Thursday, September 10, 2009

reading images in chapter 2 and 3

The "Venus of Willendorf" pictured here at the right is one of the oldest examples of human form in art history. She is very mysterious because no one really knows what her purpose was. Was she the depiction of ideal beauty? Was she for fertility? Was she a god? Art historians have theorized for years, but there is truly no way of knowing. One thing is for sure, however, she is very organic. Every part of her is round. Even her face has been generalized down to a series of organic circles.

At some point the tables turned from very organic form to very linear forms. I think a good example of this is to look at the Cubist work of Picasso and Braque. They broke down forms into geometric planes. According to art historians Cubists were trying to show a form from multiple view points, but after reading this week's text, what was really being said? As Kress and van Leeuwen state, in contemporary western culture, "squares and rectangles are the elements of the mechanical, technological order, of the world of human construction." (p. 54) In the Cubist's work many times people become made of planes, rectangles, and sharp mechanical shapes as in the image at the left Braque's "Man with a Guitar". Using visual cues from the images, can we infer a sense of people becoming machines entering into the subconscious? Nothing about this image looks remotely organic or human. You have to pry away the layers to piece the human elements together.

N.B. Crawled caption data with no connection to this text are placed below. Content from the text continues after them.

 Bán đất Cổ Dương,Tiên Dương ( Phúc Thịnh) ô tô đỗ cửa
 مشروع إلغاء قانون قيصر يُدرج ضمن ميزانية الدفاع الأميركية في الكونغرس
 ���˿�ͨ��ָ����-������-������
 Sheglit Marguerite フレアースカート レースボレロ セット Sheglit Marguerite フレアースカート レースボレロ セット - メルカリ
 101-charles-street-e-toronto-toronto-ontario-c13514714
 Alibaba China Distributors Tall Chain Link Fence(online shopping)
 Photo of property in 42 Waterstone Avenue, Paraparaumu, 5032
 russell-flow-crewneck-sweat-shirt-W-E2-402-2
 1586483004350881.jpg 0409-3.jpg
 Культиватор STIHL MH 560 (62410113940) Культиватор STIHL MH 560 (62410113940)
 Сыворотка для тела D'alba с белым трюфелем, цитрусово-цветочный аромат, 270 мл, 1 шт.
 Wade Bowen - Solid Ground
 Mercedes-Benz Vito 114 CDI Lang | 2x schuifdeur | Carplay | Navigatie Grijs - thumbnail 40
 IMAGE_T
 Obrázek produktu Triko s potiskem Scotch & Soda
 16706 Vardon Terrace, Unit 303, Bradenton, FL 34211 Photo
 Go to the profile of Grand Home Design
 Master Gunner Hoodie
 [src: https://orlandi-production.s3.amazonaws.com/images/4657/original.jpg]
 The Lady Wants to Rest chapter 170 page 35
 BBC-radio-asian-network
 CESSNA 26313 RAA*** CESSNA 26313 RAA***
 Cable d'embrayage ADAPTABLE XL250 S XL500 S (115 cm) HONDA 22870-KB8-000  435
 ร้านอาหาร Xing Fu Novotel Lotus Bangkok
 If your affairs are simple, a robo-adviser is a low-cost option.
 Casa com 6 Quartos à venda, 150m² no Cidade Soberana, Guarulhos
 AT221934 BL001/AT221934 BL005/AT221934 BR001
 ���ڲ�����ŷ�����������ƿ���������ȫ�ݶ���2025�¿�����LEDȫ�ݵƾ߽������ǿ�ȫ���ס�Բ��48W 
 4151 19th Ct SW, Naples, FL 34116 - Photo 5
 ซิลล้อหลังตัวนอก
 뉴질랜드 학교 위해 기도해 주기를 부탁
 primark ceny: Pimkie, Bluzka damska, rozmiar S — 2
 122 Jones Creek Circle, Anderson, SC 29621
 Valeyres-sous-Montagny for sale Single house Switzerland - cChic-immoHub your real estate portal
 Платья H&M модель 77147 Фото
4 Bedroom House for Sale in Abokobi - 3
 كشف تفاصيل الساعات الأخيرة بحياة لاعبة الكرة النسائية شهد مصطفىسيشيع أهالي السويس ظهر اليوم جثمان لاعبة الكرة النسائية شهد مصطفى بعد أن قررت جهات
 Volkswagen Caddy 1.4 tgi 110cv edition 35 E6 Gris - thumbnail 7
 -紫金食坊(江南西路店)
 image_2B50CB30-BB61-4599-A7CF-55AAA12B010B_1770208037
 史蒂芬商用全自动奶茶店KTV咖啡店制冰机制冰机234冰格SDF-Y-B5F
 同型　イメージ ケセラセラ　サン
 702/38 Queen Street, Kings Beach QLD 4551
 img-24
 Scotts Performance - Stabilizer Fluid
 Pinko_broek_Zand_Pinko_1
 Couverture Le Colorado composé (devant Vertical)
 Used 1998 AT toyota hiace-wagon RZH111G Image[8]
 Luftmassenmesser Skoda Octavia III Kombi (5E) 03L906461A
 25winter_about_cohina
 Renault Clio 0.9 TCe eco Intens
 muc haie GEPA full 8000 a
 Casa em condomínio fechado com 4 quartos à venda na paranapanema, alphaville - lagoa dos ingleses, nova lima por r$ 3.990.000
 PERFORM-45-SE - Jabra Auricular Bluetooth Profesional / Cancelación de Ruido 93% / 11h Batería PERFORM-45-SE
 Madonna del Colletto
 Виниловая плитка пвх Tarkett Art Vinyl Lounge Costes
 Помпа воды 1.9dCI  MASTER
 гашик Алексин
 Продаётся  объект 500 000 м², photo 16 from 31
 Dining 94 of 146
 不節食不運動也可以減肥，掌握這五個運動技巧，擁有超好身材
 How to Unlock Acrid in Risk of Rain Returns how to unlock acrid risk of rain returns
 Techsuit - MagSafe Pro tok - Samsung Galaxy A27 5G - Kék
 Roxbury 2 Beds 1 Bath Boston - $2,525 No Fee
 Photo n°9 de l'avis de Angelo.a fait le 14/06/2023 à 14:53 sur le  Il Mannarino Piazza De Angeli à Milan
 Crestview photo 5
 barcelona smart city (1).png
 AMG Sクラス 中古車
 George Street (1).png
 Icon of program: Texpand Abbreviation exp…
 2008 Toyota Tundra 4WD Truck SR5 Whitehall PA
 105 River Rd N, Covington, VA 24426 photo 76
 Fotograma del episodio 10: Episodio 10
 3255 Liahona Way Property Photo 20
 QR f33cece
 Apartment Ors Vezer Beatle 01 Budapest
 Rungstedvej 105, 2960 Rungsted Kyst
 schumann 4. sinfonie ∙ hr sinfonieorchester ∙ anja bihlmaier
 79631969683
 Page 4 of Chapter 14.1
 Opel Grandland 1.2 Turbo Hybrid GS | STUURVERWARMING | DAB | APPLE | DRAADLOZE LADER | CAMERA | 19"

It seems only natural to take visual representation to the next level by boiling people and images down to a series of vectors and basic shapes. It is the ultimate dehumanizing jump. Diagram people like a sentence. But even boiling humanity down to geometry, it gets confusing. Nature cannot easily be put into such man-made order as a box. Look at the example of trying to diagram El Lissitzky's Beat the Whites with the Red Wedge on page 60,
The triangle in El Lissitzky's Beat the Whites with the Red Wedge literally wedges itself into the white circle. This opens up a perhaps large, but by no means infinite, range of possible readings: the triangle can be said to 'pierce' or 'infiltrate' or 'destabilize' the circle.
If an image of a triangle and a circle cannot be easily diagrammed, then can we really expect to be able to categorize people? They are infinitely more complex than a painting.